# Starting My Granddaughter Early



## diane0905 (Aug 20, 2010)

Since I was so late to training dogs, I‘m going to pique the interest of my grandchildren early. This is Charlotte:






They so love Logan. Both the girls (Grace, 9 and Charlotte, 7 years old) can get him to listen pretty well. Adler (5) is still a work in process.


----------



## cwag (Apr 25, 2017)

Cute. I love the way she rewards him.


----------



## diane0905 (Aug 20, 2010)

cwag said:


> Cute. I love the way she rewards him.


I told her she really needs to let him know he did a good job. She’s a sweetie.


----------



## GoldenDude (Nov 5, 2016)

diane0905 said:


> Since I was so late to training dogs, I‘m going to pique the interest of my grandchildren early. This is Charlotte:
> 
> 
> 
> ...


That’s adorable! Grandkids are the best.


----------



## JerseyChris (10 mo ago)

That is precious.. Logan is such a wonderful boy..


----------



## DblTrblGolden2 (Aug 22, 2018)

And that is why Goldens and kids are the best


----------



## chelseah (Dec 8, 2020)

How adorable!


----------



## diane0905 (Aug 20, 2010)

GoldenDude said:


> That’s adorable! Grandkids are the best.

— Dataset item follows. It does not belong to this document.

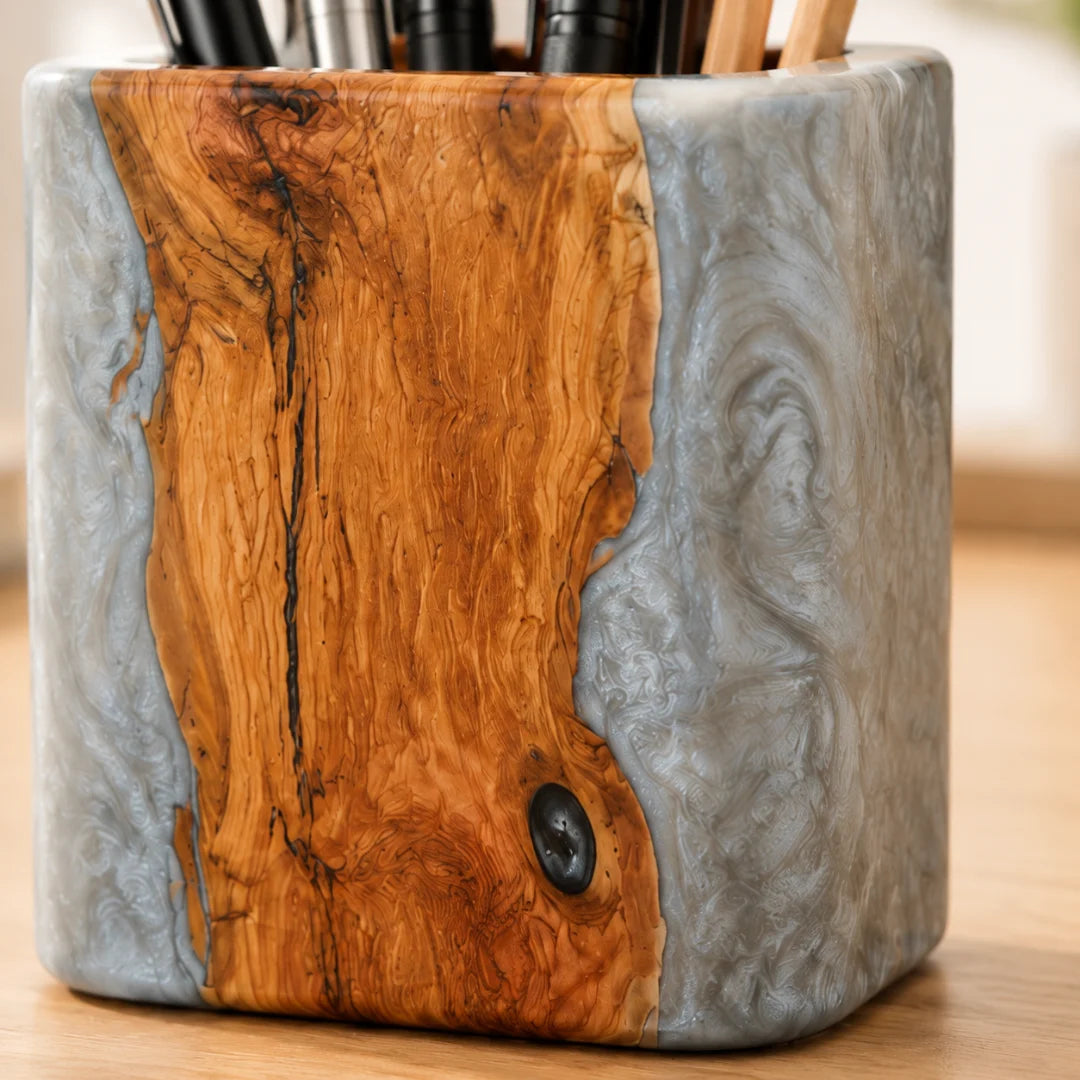 Silver Field Silver Gray Epoxy Pen Holder PH02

They are! I’m really enjoying them so much.


----------



## diane0905 (Aug 20, 2010)

JerseyChris said:


> That is precious.. Logan is such a wonderful boy..


He enjoys life so much!


----------



## diane0905 (Aug 20, 2010)

DblTrblGolden2 said:


> And that is why Goldens and kids are the best


He’s so good with them. Even when he was doing the over excited thing for a while, he’s always been gentle with children. They ask all the time when we are hiking if they can pet him. He loves it.


----------



## Ontariodogsitter (Feb 23, 2020)

Brilliant way to start children (grandchildren) in the dog training world.
They will absolutely treasure the memories and grandparents are earning extra points...


----------



## laurab18293 (Oct 6, 2021)

so adorable!


----------



## diane0905 (Aug 20, 2010)

Ontariodogsitter said:


> Brilliant way to start children (grandchildren) in the dog training world.
> They will absolutely treasure the memories and grandparents are earning extra points...


When they spend the night, to give my husband and myself some quiet time to watch a movie, I let them go back to our bedroom/get on our bed and watch an animated movie on my television. Logan always goes back there with them and lays on the foot of the bed. He won’t budge until they go to their own beds. I guess he feels like he’s taking care of them (or is one of them - ha!)


----------



## diane0905 (Aug 20, 2010)

laurab18293 said:


> so adorable!


Thank you!


----------